Motion after-effects were elicited from striate cortical cells in lightly-anaesthetized cats, by adapting with square-wave gratings or randomly textured fields drifting steadily and continuously in preferred or null directions. The time-course and recovery of responsiveness following adaptation were assessed with moving bars, gratings or textured fields. Results were compared with controls in which the adapting stimulus was replaced by a uniform field of identical mean luminance, and also assessed in relation to the strength and time course of adaptation. Within 30-60 s adaptation, firing declined to a steady-state. Induced after-effects were direction-specific, and manifest as a transitory depression in response to the direction of prior adaptation, recovering to control levels in 30-60 s. Maximal after-effects were induced by gratings of optimal drift velocity and spatial frequency. With rare exceptions after-effects were restricted to driven activity; no consistent effects on resting discharge were observed.
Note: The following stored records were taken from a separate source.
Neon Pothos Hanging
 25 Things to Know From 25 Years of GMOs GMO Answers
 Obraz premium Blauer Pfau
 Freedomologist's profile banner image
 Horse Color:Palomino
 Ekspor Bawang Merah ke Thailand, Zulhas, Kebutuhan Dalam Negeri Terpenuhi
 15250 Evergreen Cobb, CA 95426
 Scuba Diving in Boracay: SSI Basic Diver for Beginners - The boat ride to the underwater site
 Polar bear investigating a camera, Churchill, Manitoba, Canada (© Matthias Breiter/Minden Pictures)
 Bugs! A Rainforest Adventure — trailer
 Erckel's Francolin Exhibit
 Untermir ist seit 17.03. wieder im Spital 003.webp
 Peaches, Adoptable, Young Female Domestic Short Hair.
The onset of adaptation, and the recovery period, were more rapid in simple cells, although after-effects of comparable strength were elicited from simple and from standard complex cells. Special complex cells, including many of the more profoundly texture-sensitive neurones in the cortex, were more resistant to adaptation. The results support the conclusion that psychophysically measured adaptation and induced motion after-effect phenomena reflect the known properties of cortical neurones.